Good Communication Skills are Said to be The #1 Quality Necessary for Making a Marriage Last:
It may sound like an exaggeration, but if you don't have open and effective lines of communication, you won't have a lasting relationship. That means that you know how to get your ideas across (and understand your partner's), you can have a disagreement without it necessarily escalating, and if/when it does escalate, you know how to fight. Which leads me to the next point...
 
Knowing How to Fight - And Fight Fair - Will Help:
Having a relationship where no one ever raises their voices or fights may sound nice, but it's not the norm. Fighting can be a perfectly healthy part of a relationship - and there's nothing quite like the "making up" that often comes with the territory. But to keep fighting from becoming a destructive force, couples do need to establish limits and boundaries before the fighting ensues. Here are three tips that work for most couples: 
 
1. Don't let it get personal. As soon as it does, you've lost control and are just being vicious.

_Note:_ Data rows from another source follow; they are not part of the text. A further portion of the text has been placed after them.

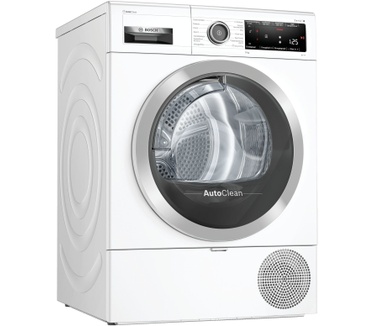 Bosch WTXH8M75NL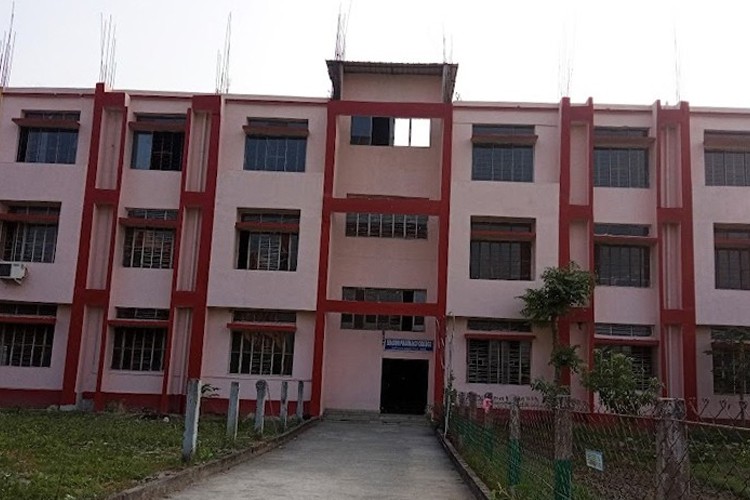 Seacom Engineering College, Howrah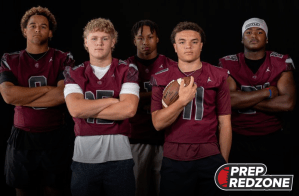 Jenks Trojans OK 2026 Team Preview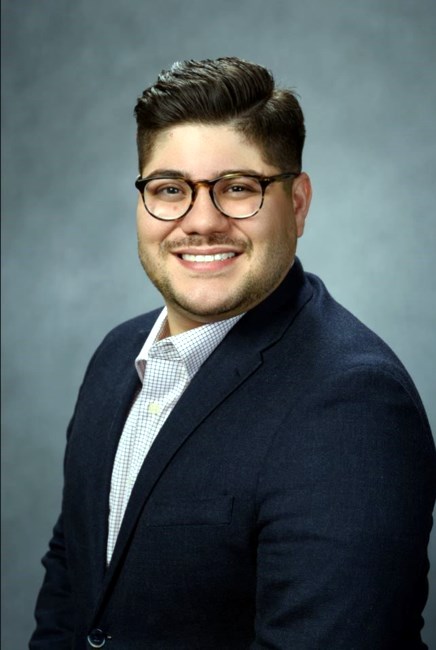 Obituary of Christian Cody Noyola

2. Have a code word that you can say when you feel it's getting out of hand that will put a stop to the fight, or at least give you some space.
3. Agree to disagree. You're not always going to come to a consensus, and fighting until you do can prove futile.
 
Sex and Money are Cited as the Two Most Common Reasons for Divorce:

Knowing what some of the "triggers" are for divorce is a valuable tool if you use it to your advantage. In the case of sex and money, this means that if you're still looking for a partner, finding someone who you have a good sexual chemistry with, and a similar approach to financial issues is wise. And even if you seem on the same page (or are already married), you should also always sit down with your partner and ask them pointed questions, like:
 
1. Are they satisfied - really satisfied - with your current sex life?
2. How many times a day/week/month do they want to have sex once you're married?
3. What can you do to make their experience even better, and vice versa?
4. How do they feel about money? Is it a taboo subject or one they're comfortable with?
5. How do they envision money being dealt with in the marriage? Will one person be the bread-winner? Who will handle the bills?
 
And if the thought of having this conversation makes you uncomfortable, just think about how much more uncomfortable you'll be when your partner is looking elsewhere in a few years because they aren't satisfied. A little blushing now just might save you a lot of heartache later.